資産価格の実証的研究で2013年ノーベル経済学賞を受賞したロバート・シラー教授が、米国株の先行きを占った。
極端な割高とは言えないとしながら、調整の可能性もあると語り、トランプ政権が世界恐慌直前のクーリッジ政権の二の舞になることを懸念した。
シラー教授はトランプ・ラリーに乗って20,000を目指すニューヨーク・ダウ平均についてCNBCで尋ねられた。
シラー教授の答は率直。
米国株市場が下がるかどうかはわからないと言う。
教授が開発したCAPEでも異常値とは言い切れないからだ。
「CAPEレシオが28倍でも飛び抜けて高いというわけではない。
過去ここから上昇したこともある。」
教授はこう慎重な見方を示し、現状の相場観を語った:
- ダウ平均20,000には手ごわい抵抗線であり、今はここに長い間つかまっている。
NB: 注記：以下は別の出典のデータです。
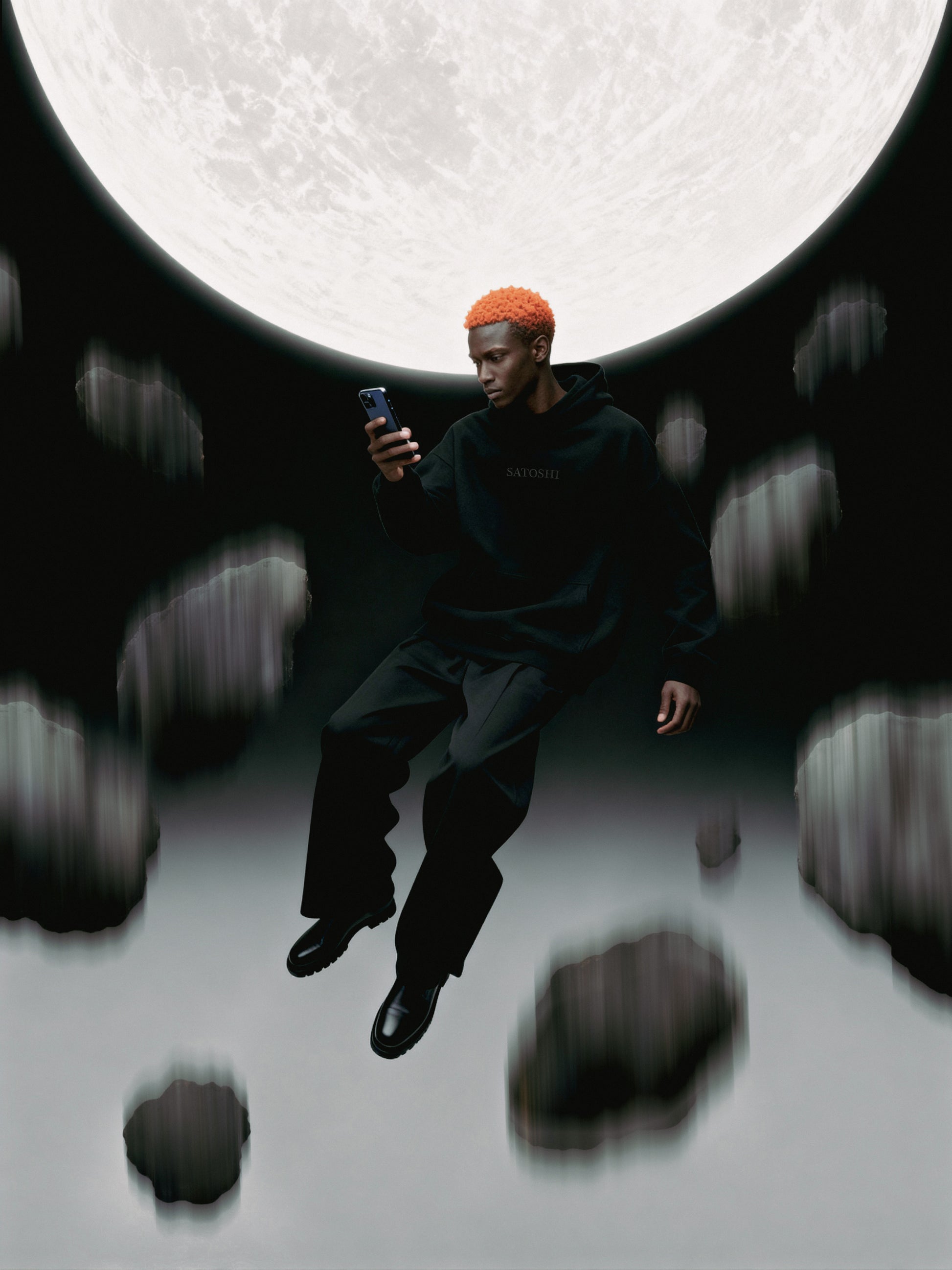 [5/2100] Appliqué Hoodie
- 市場が調整するかどうかわからないが、可能性は大いにある。
急激なトランプ・ラリーの進展に、さすがにシラー教授も過熱感を否定しきれない。
資産価格の上下について断定的な表現を用いるのを避ける教授だが、「今から買いに入ってくる人がいるのはちょっとへんな気がする」と漏らした。
教授は大きく上げるとも、大きく下げるとも言いたがらない。
「調整はあっても大きくなく、小幅だろう」と述べる一方、20,000の抵抗線を超えても多く望めるとは限らないという。
代替わりの抵抗線は複雑な心理によるものとし、過去の例を紹介した。
「いったん抵抗線を超えれば上昇していくとみんな考えるが、歴史はそうなっていない。
ダウが1,000を超えたのは1972年だが、1,100を超えるのにはそこから10年かかった。」
わずか1割の上昇に10年以上の年月がかかっている。
教授は、市場のモメンタムといったあやふやな話で投資すべきではないとし
「いつでも言えることは、バリュー投資が重要だということ。」
と語った。
シラー教授は、トランプ政権が景気を刺激することに成功する可能性を示唆している。
次期大統領は不動産屋であり、大きな家に住む期待を掻き立てるだろうという。
「私たち(アメリカ人)はもっと質素に暮らしていた。
しかし、今人々は考えを変えた:
『これじゃうまく行かない。
大きく行かなきゃダメなんだ。』」
シラー教授によれば、トランプ次期大統領はその例を示したのだという。
住宅需要が刺激されれば、経済には間違いなくプラスだ。
しかし、シラー教授は、そうした前向きな成果が後の反動を大きくするリスクにも心配を寄せている。
教授はカルビン・クーリッジ大統領(1923年8月3日–1929年3月4日)の二の舞を恐れる。
「クーリッジの繁栄のようになるかもしれない。